Siang tadi matahari begitu menyengat, menambah gerah hati dan pikiranku. Aku memasuki sebuah cafe kecil yang penuh sesak. Tentu saja, ini jam makan siang. Aku memesan satu Lychee Smoothies dengan topping oreo dan pudding, lalu segera menempati sofa diujung cafe yang masih kosong. Handphone-ku bergetar, yang kuharap itu dari kamu. Kecewa, ternyata bukan kabar darimu. Sedari tadi aku tak henti mondar mandir membuka handphone, mengecek pemberitahuan, lalu menutupnya lagi. Begitu terus menerus. Tidak, bukan hanya hari ini. Tapi rutinitas itu sudah terjadi lebih dari 1 bulan setelah hatiku direbut olehmu.

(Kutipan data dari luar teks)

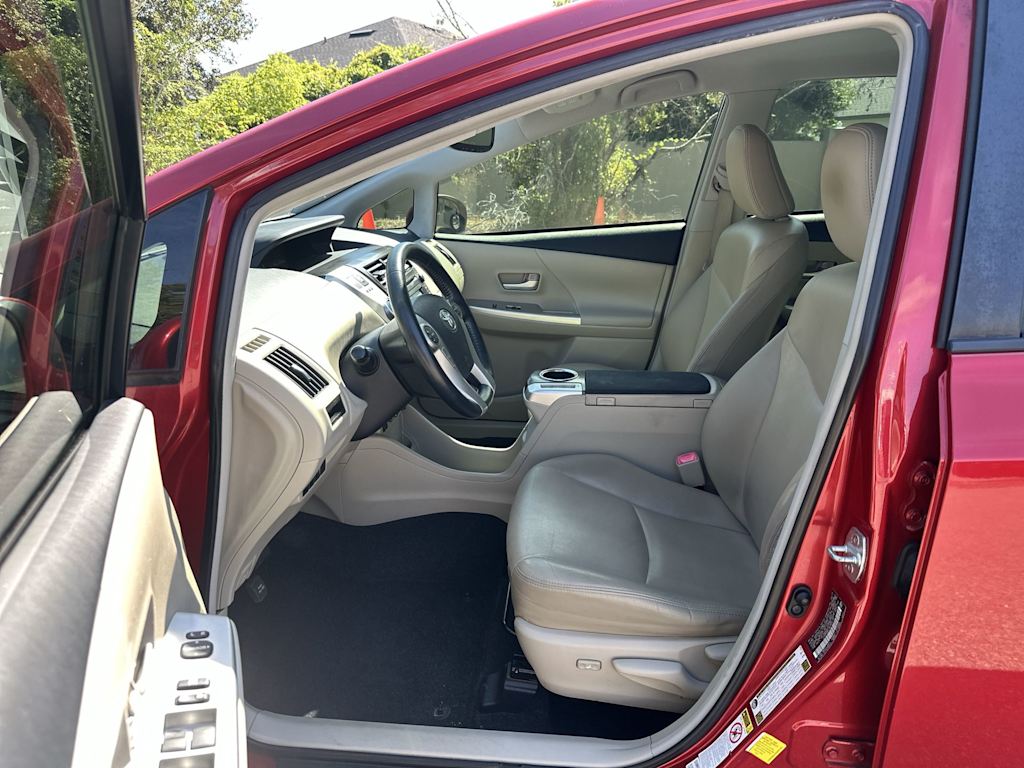Thumbnail: 2013 Toyota Prius v - 11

Aku menyeruput lychee smoothies-ku, lalu melempar pandang keluar jendela. Mendung diluar sana, begitupula disini, dihatiku. Selalu saja mesin waktu diotakku menjatuhkan aku disaat-saat aku dan kamu masih sewajarnya kekasih. Kamu membuat waktu-ku berarti, walaupun sekedar diantar-jemput dengan percakapan sekadarnya. Tapi itu cukup menghidupkan kupu-kupu diperutku. Ingin rasanya smoothies ini ku beri tambahan topping, Yakni kamu disampingku. Berbagi cerita tentang harimu, apapun itu. Tapi sayang, kamu tak pernah melakukan itu,bukan?

Kamu dengan sifat cuekmu itu sudah membuatku beradaptasi sekian lama. Awalnya aku mampu menyesuaikan diri. Namun, tak munafik bila aku juga ingin seperti yang lain. Bercakap lewat telepon hanya untuk membunuh rindu, Saling berbagi cerita tentang kehidupan masing-masing, Dikenalkan dengan dunia sendiri-sendiri, lalu Makan berdua disuatu tempat, aku ingin seperti itu. Kekanak-kanakan memang, tapi apa adanya aku seperti itu. Aku tak seperti kamu yang mampu tak mengabariku seharian penuh, Tenggelam dalam kesibukanmu tanpa memikirkan aku, Tak mengirimiku pesan bila bukan aku yang memulai, aku tak bisa seperti itu. Aku bukan kamu. Aku suka mengabarimu tiap selesai kegiatan, menanyakan keadaanmu tiap pagi, menguntitmu diam-diam di lini waktu, itu aku.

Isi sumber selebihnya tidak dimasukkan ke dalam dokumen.